Jason Reynolds said something that I’ll always remember. If you have a disease you work to find a vaccine, the vaccine hurts but in the end it does good. Being anti-racist actively and consciously is the vaccine, you have to tackle those who are racist for their own good and the good of the world.

Read this book, learn stuff and make a better world with the knowledge you gain

Burn by Patrick Ness

burn

As I always do with a Patrick Ness, I had pre-ordered this.  I had some worries going into it because the last couple of books haven’t been my faves. I was so hoping he wouldn’t disappoint me with this one. And he hasn’t. This is a return to form. What works best for me with this author is when he doesn’t try to do too much with his stories. This one is a dual storyline but it is way more successful in this novel than in Release. You know that the stories are going to combine and you just can’t wait for that to happen.

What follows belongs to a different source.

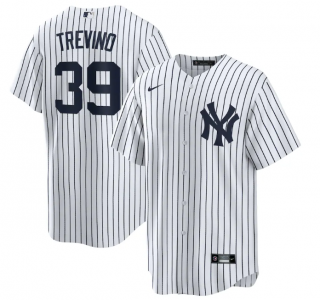 Men's New York Yankees #39 Jose Trevino White Cool Base Stitched Baseball Jersey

It is set in Washington State in the USA in the 1950s there is rampant racism and homophobia and so much judgement of people it makes you quite uncomfortable. Sarah’s dad has just hired a dragon to help with the farm work. The dragon will work to clear paddocks of rocks and trees, he is not to be spoken to and while there is a truce between dragons and humans, you shouldn’t get friendly or close to him. Sarah’s dad is very clear on this. However the dragon knows Sarah’s secret and they begin to talk. At the other end of the country a young man is heading north on a mission to kill Sarah. He has been given a mission from on high and he must fulfil his duty. On the way he will meet another young man who will change his life and also change the future. There is a whole bunch more going on in this book but to reveal too much would be way too spoiler alerty.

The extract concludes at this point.